Kelahiran Normal Sebuah Peradaban

Kelahiran Normal Sebuah Peradaban

Kelahiran Normal Sebuah Peradaban

Kelahiran Normal Sebuah Peradaban
Catatan kali ini adalah kelanjutan dari artikelku sebelumnya tentang melahirkan normal. Aku ingin mengaitkan proses ini dengan proses lahirnya sebuah peradaban, sebuah kebangkitan. Menurutku, proses kelahiran normal sebuah peradaban mirip dengan proses kehamilan dan persalinan seorang wanita.

Awalnya berupa benih kecil. Nyaris tak diperhitungkan oleh siapapun. Bahkan banyak orang merasa jijik melihatnya. Sebagaimana sel sperma yang secara kasat mata begitu rupanya. Benih tersebut ketika sudah bertemu dengan sel telur dan melebur, akan menjadikannya sebuah benda baru. Bermula dari satu. Berkembang menjadi dua, empat, enam dan seterusnya hingga berubahlah sel tersebut menjadi segumpal daging. Pertumbuhannya begitu cepat, bahkan tanpa kendali ibu hamil tersebut. Selama sembilan bulan 10 hari janin ada dalam rahim yang aman.

Begitu pula sebuah ide yang mendasari suatu perubahan. Awalnya tak diperhitungkan, lalu melebur dengan bakal janin, berinteraksi dan menyatu. Bertumbuhlah janin peradaban tersebut. Lambat tapi pasti. Jika kehamilan membutuhkan waktu yang rata-rata sama untuk masa kehamilan, berbeda dengan proses mengandung sebuah janin peradaban.

Waktu mengandung dan perkembangan janin amat tergantung dari pergerakan siapapun yang melebur dengan ide tadi. Dakwah Rasulallah saat di Makah berlalu hingga 13 tahun tanpa perubahan yang signifikan.  Proses kelahiran peradaban justru terjadi di Madinah.

Proses melahirkannya pun menurutku, mirip. Kontraksi yang dialami oleh seorang ibu selama masa menunggu pembukaan sempurna sangat menyakitkan. Meningkat setahap demi setahap berdasar pada kenaikan pembukaan. Semakin mendekati pembukaan sempurna semakin tak tahan rasa sakitnya. Semakin nyeri, semakin gemetar, semakin ada rasa mau mati saja. 

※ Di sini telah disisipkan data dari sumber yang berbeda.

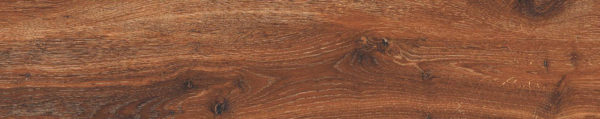 8019 Amazon Walnut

Begitulah, kita ketahui bahwa betapa sulitnya keadaan kaum muslimin bersama rasulallah saat di Makah.  Sampai-sampai para sahabat bertanya “kapankan pertolongan itu datang?”

Siksaan dan tekanan terhadap individu yang mengemban dakwah pada masa itu sungguh sangat menyedihkan. Mulai dari menyiksa dengan berbagai cara, membunuh, mengusir, memfitnah dan memboikot. Bersyukur ada orang-orang yang sangat berjasa untuk dakwah.

Ada ibunda Khadijah ra yang menjadi pendamping rasulallah sekaligus back up dana. Ada Paman rasulallah, Abu Thalib. Sekalipun belum memeluk Islam, namun bersedia menangung derita bersama rasul dan melindungi beliau dari berbagai gangguan, hingga beliau meninggal dunia. Kontraksi itu terus terjadi hingga pertolongan Allah datang. Tegaknya Institusi Daulah Islam dengan rasulallah sebagai kepala negaranya. Yang berjaya sepanjang 1200 tahun lamanya.

Begitu pula apa yang terjadi hari ini. Ketika gaung perubahan menggema dimana-mana. Berawal dari Tunisia, arab spring menjadi efek domino ke seantero dunia Islam, menuntut perubahan. Setelah ide kebangkitan berada dalam rahim yang aman, kinilah saatnya melahirkan perubahan itu. Semua menggemakan kelahiran peradaban baru dalam tatanan dunia yang berkah, setelah masa kandungan itu cukup usianya.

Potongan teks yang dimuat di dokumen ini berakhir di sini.